Work required >> Beginning with the line that holds "Now time for" and finishing with the line that holds "Hingesticks simulate a", repeat the listing exactly, leaving every picture out.

Entries shown >>

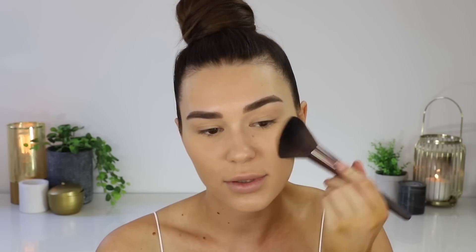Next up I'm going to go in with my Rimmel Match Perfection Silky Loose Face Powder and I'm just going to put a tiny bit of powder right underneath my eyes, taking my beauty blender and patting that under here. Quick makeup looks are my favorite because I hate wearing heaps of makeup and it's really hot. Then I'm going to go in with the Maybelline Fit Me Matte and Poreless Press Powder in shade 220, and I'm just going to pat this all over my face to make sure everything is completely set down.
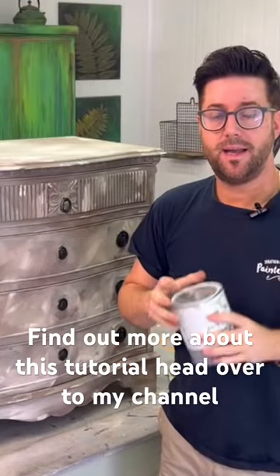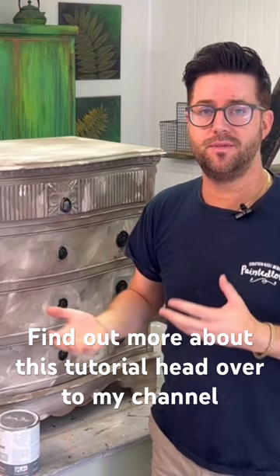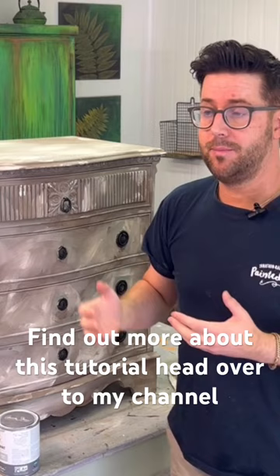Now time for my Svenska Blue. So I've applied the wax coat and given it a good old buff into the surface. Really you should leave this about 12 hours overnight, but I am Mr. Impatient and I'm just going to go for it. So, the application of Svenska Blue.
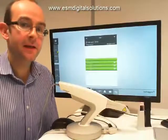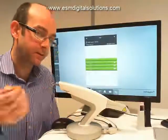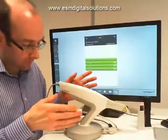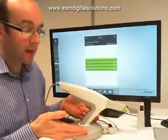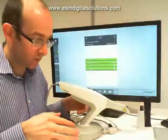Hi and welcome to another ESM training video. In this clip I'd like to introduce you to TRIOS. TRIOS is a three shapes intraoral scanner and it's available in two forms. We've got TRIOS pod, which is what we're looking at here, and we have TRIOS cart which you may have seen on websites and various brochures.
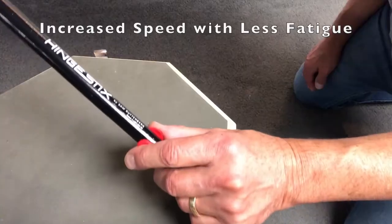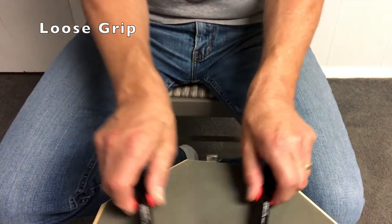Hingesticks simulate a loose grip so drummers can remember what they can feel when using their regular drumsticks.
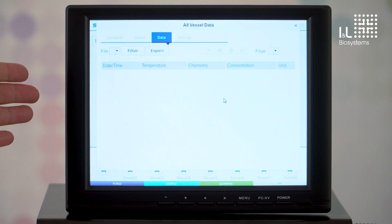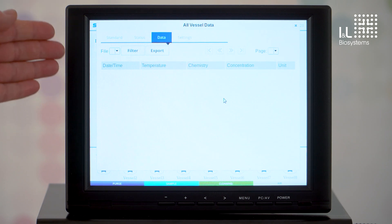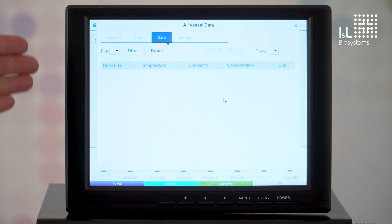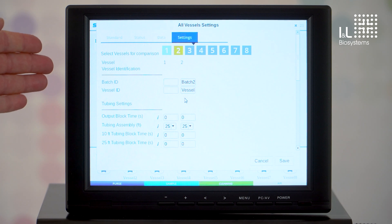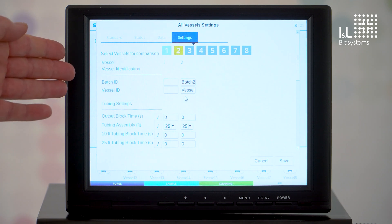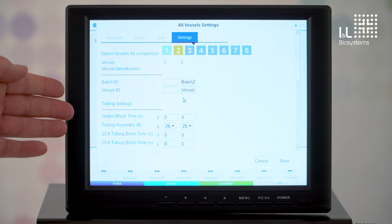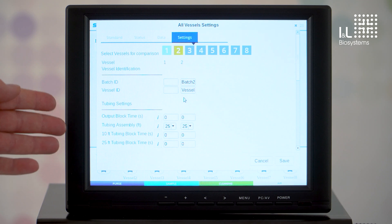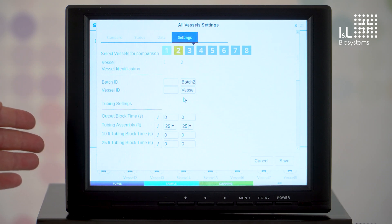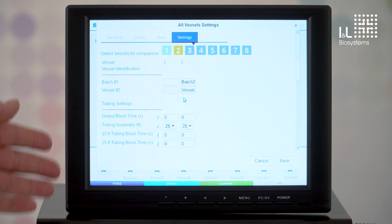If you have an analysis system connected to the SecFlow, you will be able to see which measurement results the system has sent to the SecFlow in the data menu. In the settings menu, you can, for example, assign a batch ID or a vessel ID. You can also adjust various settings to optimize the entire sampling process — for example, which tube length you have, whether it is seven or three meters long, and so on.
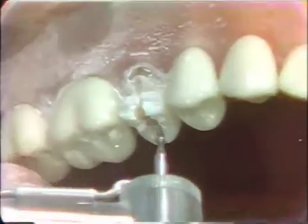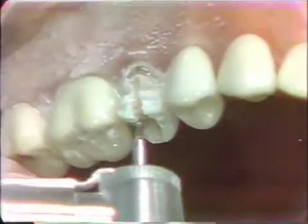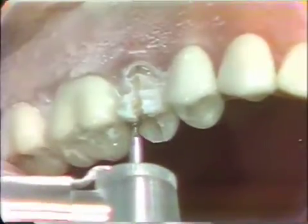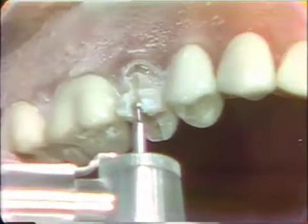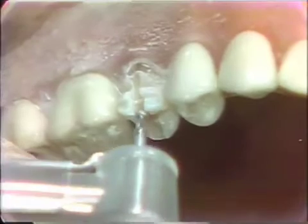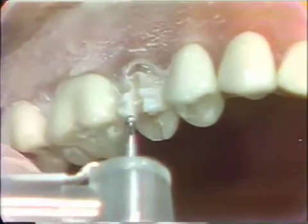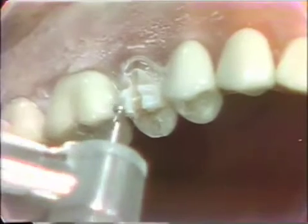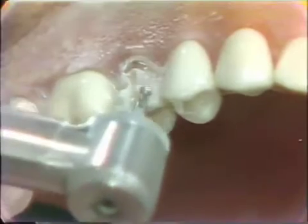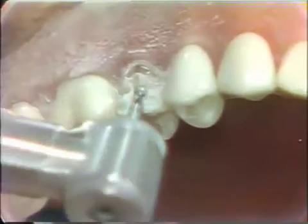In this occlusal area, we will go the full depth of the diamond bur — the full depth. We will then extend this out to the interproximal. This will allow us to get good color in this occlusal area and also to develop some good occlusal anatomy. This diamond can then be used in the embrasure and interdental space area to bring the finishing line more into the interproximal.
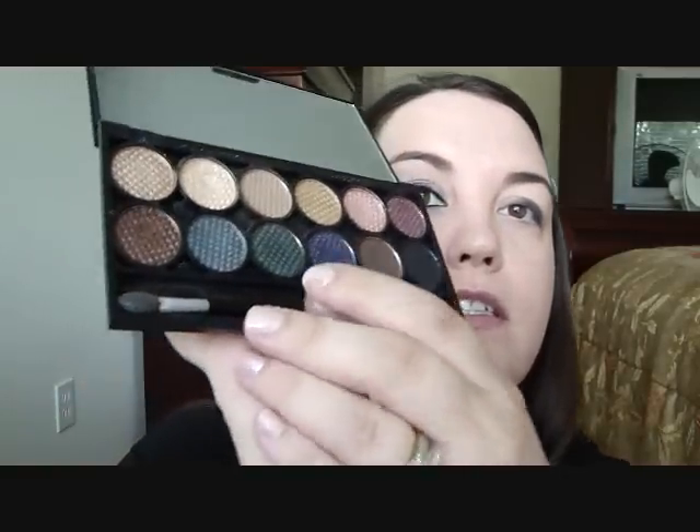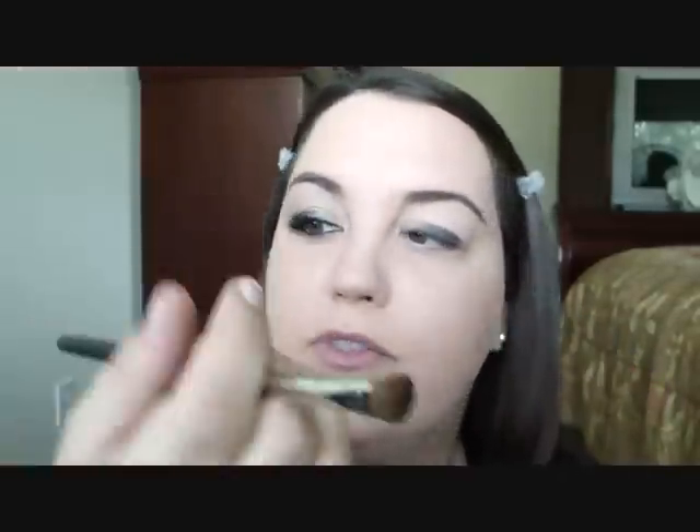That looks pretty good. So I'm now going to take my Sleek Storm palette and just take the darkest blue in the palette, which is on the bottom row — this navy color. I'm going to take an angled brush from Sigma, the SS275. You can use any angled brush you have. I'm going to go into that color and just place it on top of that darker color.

==

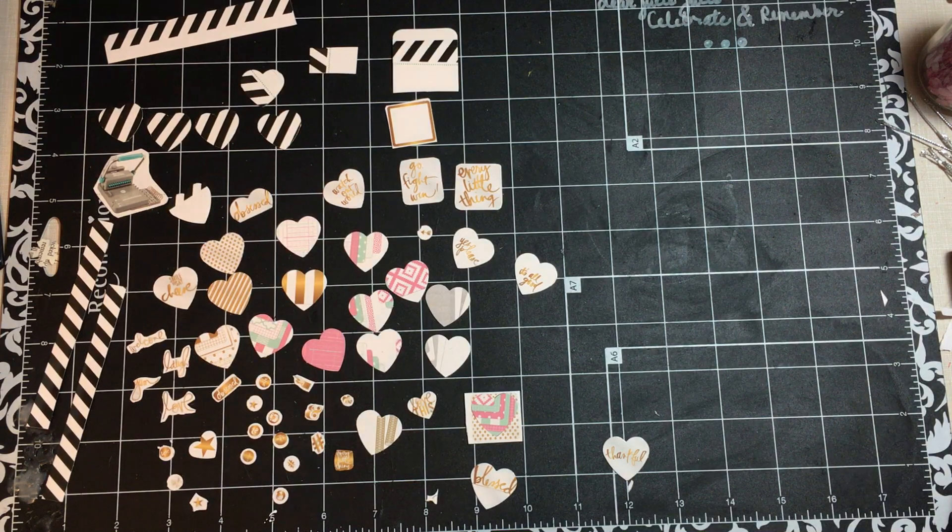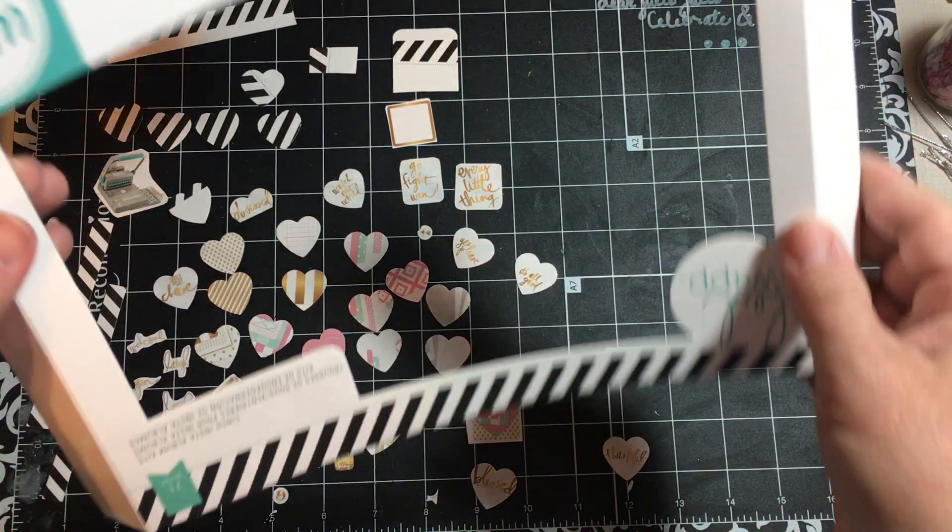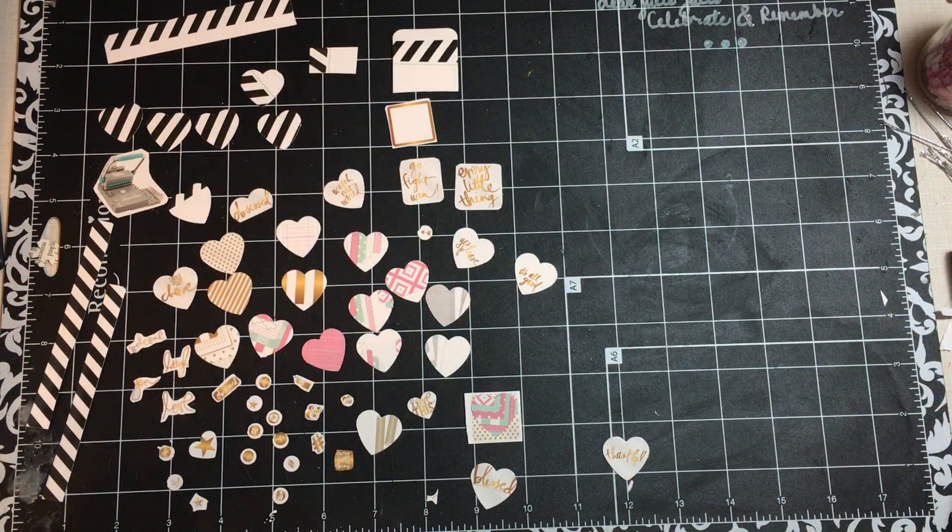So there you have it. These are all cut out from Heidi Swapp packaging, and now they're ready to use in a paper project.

...

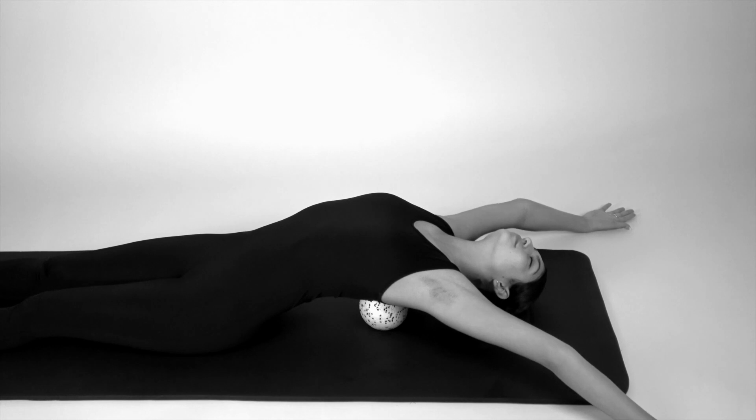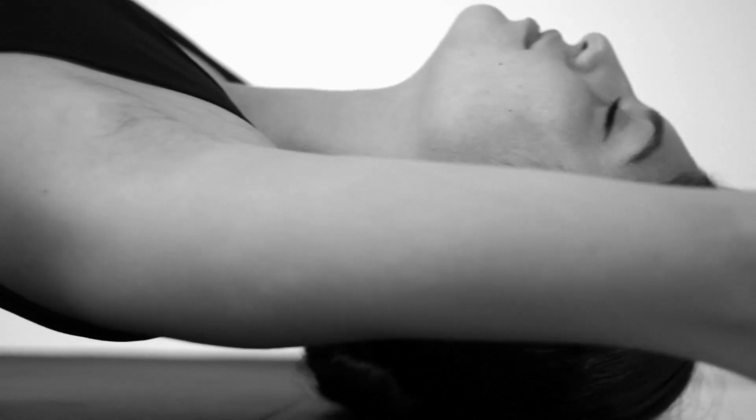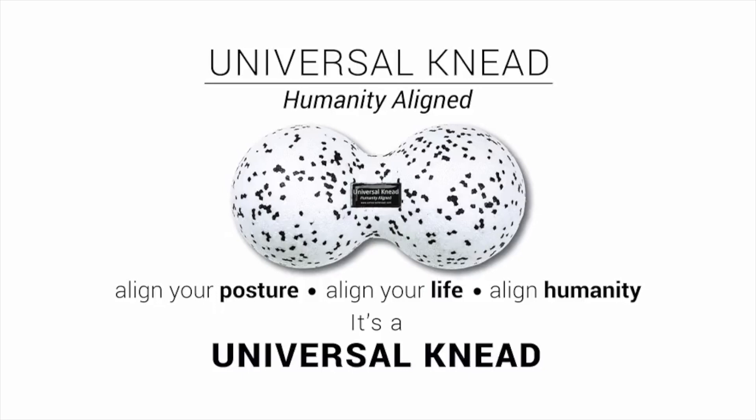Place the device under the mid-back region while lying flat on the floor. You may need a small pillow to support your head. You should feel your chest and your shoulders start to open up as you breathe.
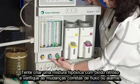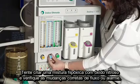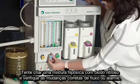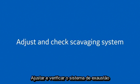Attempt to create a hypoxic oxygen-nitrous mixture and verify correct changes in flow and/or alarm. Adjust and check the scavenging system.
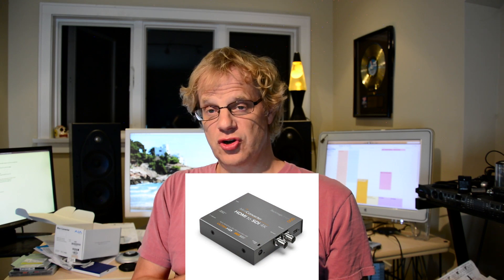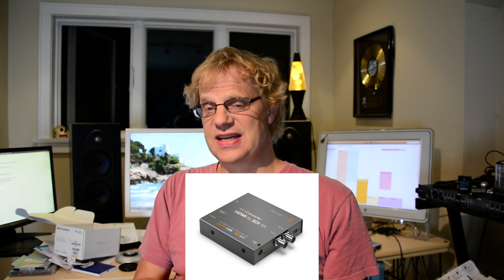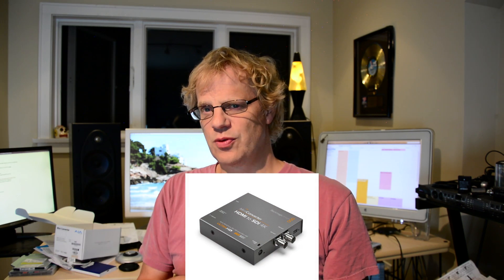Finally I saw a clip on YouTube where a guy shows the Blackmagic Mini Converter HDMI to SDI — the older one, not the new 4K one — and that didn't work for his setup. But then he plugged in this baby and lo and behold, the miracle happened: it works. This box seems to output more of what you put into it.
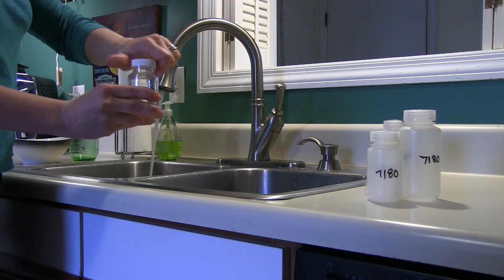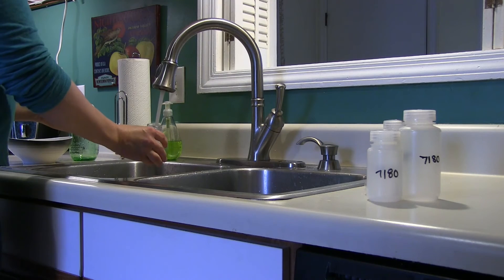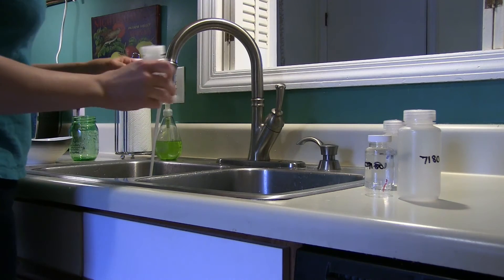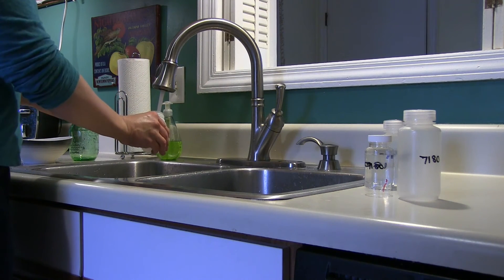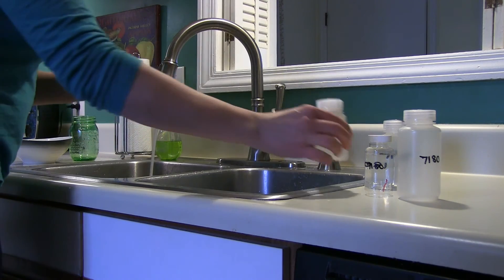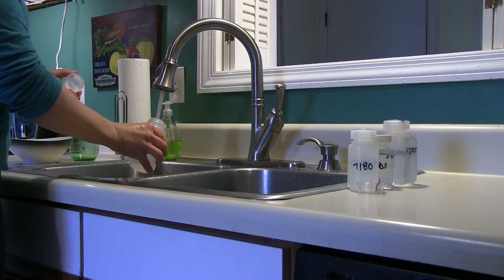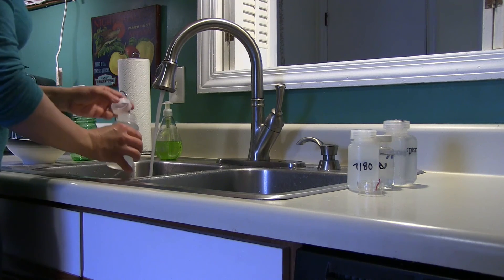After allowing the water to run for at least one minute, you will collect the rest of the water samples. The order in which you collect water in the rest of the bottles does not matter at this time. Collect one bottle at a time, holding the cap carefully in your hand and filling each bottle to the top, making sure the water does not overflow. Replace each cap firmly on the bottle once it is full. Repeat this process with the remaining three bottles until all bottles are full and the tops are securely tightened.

Your solution >>
Now time for my Svenska Blue. So I've applied the wax coat and given it a good old buff into the surface. Really you should leave this about 12 hours overnight, but I am Mr. Impatient and I'm just going to go for it. So, the application of Svenska Blue.
Hi and welcome to another ESM training video. In this clip I'd like to introduce you to TRIOS. TRIOS is a three shapes intraoral scanner and it's available in two forms. We've got TRIOS pod, which is what we're looking at here, and we have TRIOS cart which you may have seen on websites and various brochures.
Hingesticks simulate a loose grip so drummers can remember what they can feel when using their regular drumsticks.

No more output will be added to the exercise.